В ЗБ эта традиционная символика поезда совершенно прозрачна. Отходящий в 19.17 экспресс проносится мимо пятерых героев; глядя на движущиеся вагоны, каждый из них узнает в стоящем у окна пассажире своего давнего соперника, мучителя или недруга. Согласно логике архетипов, этим знаменуется необратимое прощание пятерых героев как со всем тем миром, в котором они прожили свою жизнь и в котором, как казалось, обречены были жить до конца своих дней – с миром под знаком "1917", – так и с теми персональными, особенными для каждого, но из одного источника идущими фобиями, извращениями, идиотизмами и условностями, каковые им эту жизнь отравляли, искажали, принижали и оглупляли:
– Он! – ахнула про себя Степанида Ефимовна. – Он самый! Игрец!
"Боцман Допекайло? А может быть, Сцевола собственной персоной?" – подумал Глеб.
– Это он, обманщик, он, он, Рейнвольф Генрих Анатольевич, – догадалась Ирина Валентиновна.
– Не иначе как Фефелов Андрон Лукич в загранкомандировку отбыли, туды им и дорога, – хмыкнул старик Моченкин.
– Так вот вы какой, сеньор Сиракузерс, – прошептал Вадим Афанасьевич. – Прощайте навсегда!
(стр. 69)
Переакцентировка в ЗБ старой пантомимы с движущимся экипажем/поездом и оттесняемым на обочину пешеходом весьма знаменательна. Во-первых, поскольку антагонист был в некотором смысле частью "я" каждого героя, то получается, что в указанной пантомиме мимо них проносится вдаль не кто-то другой, более удачливый, как в классическом случае (например, в сценах "Катюша Маслова/Нехлюдов", "Максим Максимыч/Печорин" и др.), а прежняя, отброшенная ими ипостась собственного "я". Это новый и, насколько мы можем судить, более редкий вариант старого мотива, специально приспособленный к теме ЗБ. Можно рассматривать эту сцену с поездом как последнюю и притом общую – в параллель к последнему, общему сну – манифестацию того "зеркального" раздвоения персонажей и их взгляда на себя со стороны, с которым мы так часто встречались в их раздельных сновидениях (см. комментарии к снам). Во-вторых, аксеновские герои отнюдь не вздыхают, "глядя торопливо" вослед уходящему экспрессу, но сами добровольно и облегченно отказываются от посадки в него: без сожаления пропускают мимо себя роскошные вагоны и остаются стоять на платформе; радостно провожают в небытие загадочного демонического пассажира и все, что тот воплощает, а вместе с ним и все, что наполняло их собственное бытие.

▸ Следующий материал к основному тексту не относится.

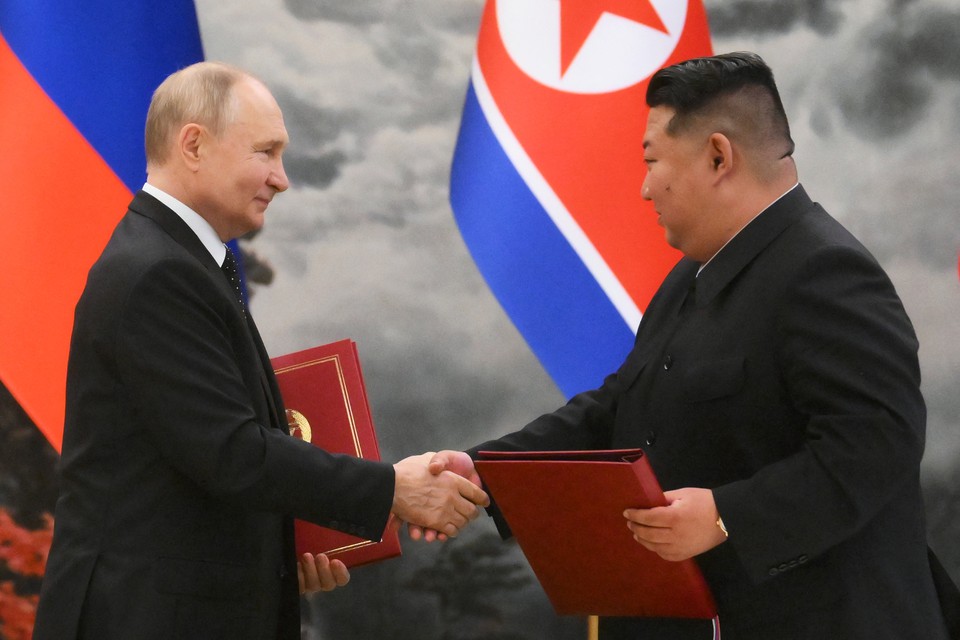 Vladimir Putin e Kim Jong-um (Foto: Kristina Kormilitsyna / POOL / AFP)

Мчащийся вдаль поезд издавна служил в советской литературе символом победного движения вперед, к светлому будущему ("Наш паровоз, вперед лети…"). В созвучии с традиционным смыслом архетипа "экипаж и пешеход" попасть в такой поезд означало жизненный успех, пропустить же его мимо и скорбно провожать глазами с обочины – неудачу, провал жизненных целей (ср. в финальной части "Золотого теленка" грандиозный символ "литерного поезда", из которого строители новой жизни выбрасывают индивидуалиста Остапа Бендера, оставляя его одного в ночи). Такого рода истолкование принадлежит прошлому: пропуск поезда теперь осмысляется как положительное событие. Полная инверсия в ЗБ этих одновременно древних и советских мотивов – наглядный показатель перемены, происшедшей за полвека в осмыслении "советского столетия" его наиболее проникновенными художниками.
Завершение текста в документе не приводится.